# Outer washer on table saw blade



## daviddoria (Dec 18, 2007)

I am trying to make as thick of a dado as possible. I just picked up a dado stack. It came with several chippers. However, if I put more than the two outer blades and two 1/8" chipper on the arbor, then the outer washer that came with the table saw, the blade nut won't go on the arbor (the blades+washer go all the way to the end of the threads. 

I guess my question is is it ok to put the blade nut directly against the outer dado blade? What is the washer there for?
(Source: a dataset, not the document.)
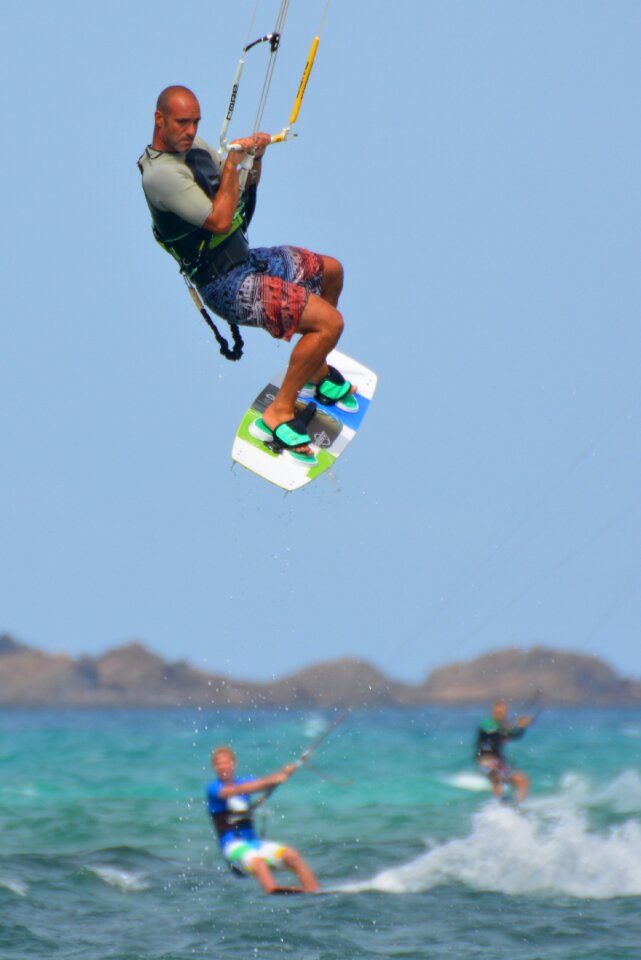 People sports sea photo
Also, is it ok to use an 8" dado stack on a 10" table saw? I figured the only difference was how high you'd have to set the blade height to achieve the same height of cut?

Thanks

Dave


----------



## woodnthings (Jan 24, 2009)

*YUP and YUP!*

The arbor should show 2 threads if possible after the nut, no washer. 
The 8" stack on a 10" saw is fine, depending on the material and your motor's HP. It may slow down a bit on a *deep cut 1" *or so. Just make 2 passes then. You'll know if you're forcing the material by the amount of feed pressure required.:thumbsup: bill
The washer is to stabilize a thin or standard thickness blade, not the full thickness of the dado, where everything acts to stabilize itself under the nut.


----------



## daviddoria (Dec 18, 2007)

Thanks Bill,

I had seen this:
http://woodworking.about.com/od/bladesbits/qt/ShortArborDado.htm

that said the washer was necessary to stabilize the blade. I never trust what I read online without verification, but I'd like to keep my fingers at all costs  If the blade is not "stabilized", will I notice it chattering or something when I turn it on before I start cutting? Or will the whole thing just explode at me? haha

Dave


----------



## woodnthings (Jan 24, 2009)

*There were issues using a dado on a Rigid TS*

But, the closest I've come was a strange kickback which loosened the blade on the arbor and it sat there spinning away until I shut if off, using my handy paddle knee switch, and jammed a scrap into the blade. Whew! That was different! :huh: bill


----------



## iamwelty2 (Oct 18, 2009)

what make and model of saw are you using?


----------



## daviddoria (Dec 18, 2007)

I'm using this saw:

http://www.ryobitools.com/catalog/power_tools/table_saws/BTS12S#


----------



## woodnthings (Jan 24, 2009)

*Next Question*



daviddoria said:


> I'm using this saw:
> http://www.ryobitools.com/catalog/power_tools/table_saws/BTS12S#


 If you measure from the back side or motor side of the arbor shaft to it's tip what do you get? Is there a removable washer on the back side or is it a machined flange which acts like a washer? How much shaft can be exposed in total? :blink: bill


----------



## Gary Beasley (Jan 21, 2009)

My Ryobi has two spacer collars behind the blade, one about 1/4 inch and another about 1/2 inch or so. They are stacked to hold the regular blade in the right location and can be slipped off for the dado stack. If you are lucky yours will have a similar setup.


----------



## jlhaslip (Jan 16, 2010)

Same on my job site saw.


----------



## iamwelty2 (Oct 18, 2009)

daviddoria said:


> I'm using this saw:
> 
> http://www.ryobitools.com/catalog/power_tools/table_saws/BTS12S#


I'm thinking that is a very small saw to be working with a 8" Dado set up. Unless I'm thinking wrong, a good dado set will run you about the same as what the saw cost. I worry about the power and the arbor length, not to mention the table saw. I'd ask Santa for a late present and think about upgrading saws if you're looking at doing alot of wide dado's. But that's just my thoughts...


----------